The eye of Zillah as it glanced around
Fell on the murderer once, but not in wrath;
And therefore like a dagger it had fallen,
Had struck into his soul a cureless wound.
Conscience! thou God within us! not in the hour
Of triumph, dost thou spare the guilty wretch,
Not in the hour of infamy and death
Forsake the virtuous! they draw near the stake,—
And lo! the torch!—hold hold your erring hands!
Yet quench the rising flames!—they rise! they spread!
They reach the suffering maid!

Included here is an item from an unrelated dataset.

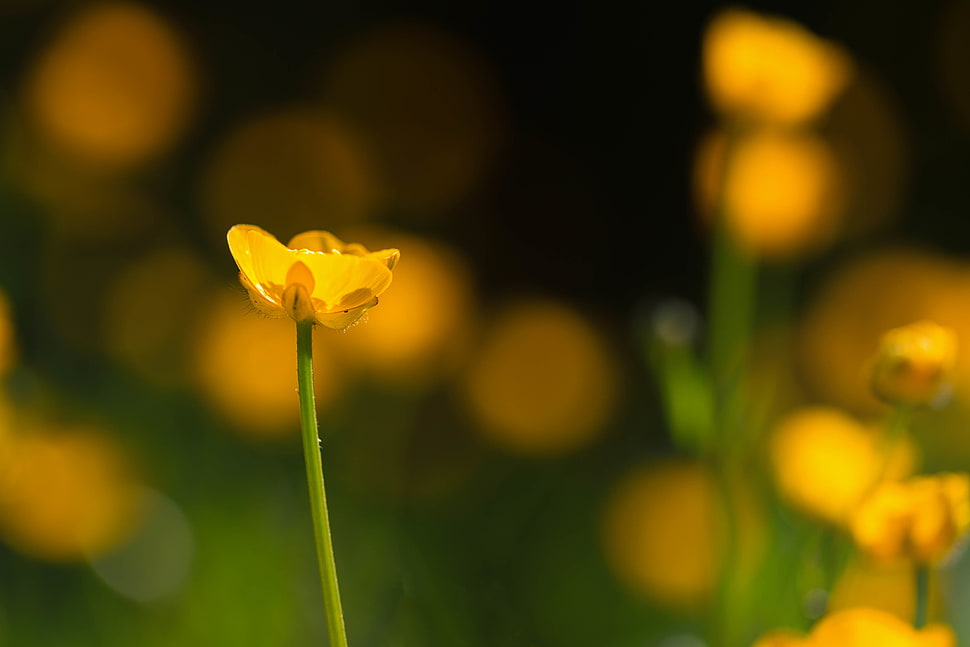 zoom-in photo of yellow flowering plant, buttercups HD wallpaper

Oh God protect
The innocent one!
They rose, they spread, they raged;—
The breath of God went forth; the ascending fire
Beneath its influence bent, and all its flames
In one long lightning flash concentrating,
Darted and blasted Hamuel,—him alone.
Hark!—what a fearful scream the multitude
Pour forth!—and yet more miracles! the stake
Buds out, and spreads its light green leaves, and bowers
The innocent maid, and roses bloom around,
Now first beheld since Paradise was lost,
And fill with Eden odours all the air.